■ **LISTED ENTRIES**
=== Begin Enclosure ===
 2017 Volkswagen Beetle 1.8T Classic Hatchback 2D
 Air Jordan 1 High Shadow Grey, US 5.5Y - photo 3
=== End Enclosure ===
=== Begin Enclosure ===
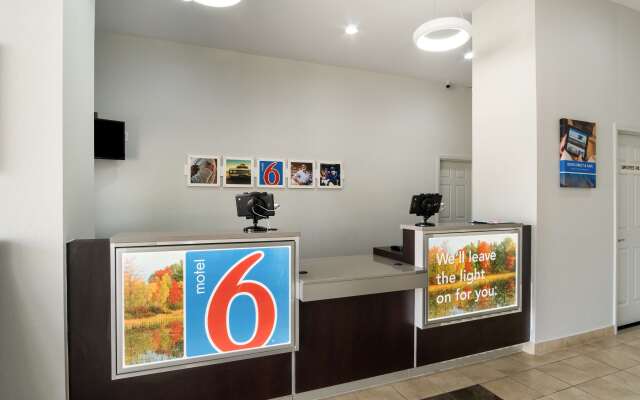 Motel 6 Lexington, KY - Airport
=== End Enclosure ===
■ **WORK INSTRUCTION**
With the line holding "2017 Volkswagen Beetle" as the first and the line holding "Air Jordan 1" as the last, set down that range of the entries above exactly, and nothing else.

■ **REPLY TO THE TASK**
 2017 Volkswagen Beetle 1.8T Classic Hatchback 2D
 Air Jordan 1 High Shadow Grey, US 5.5Y - photo 3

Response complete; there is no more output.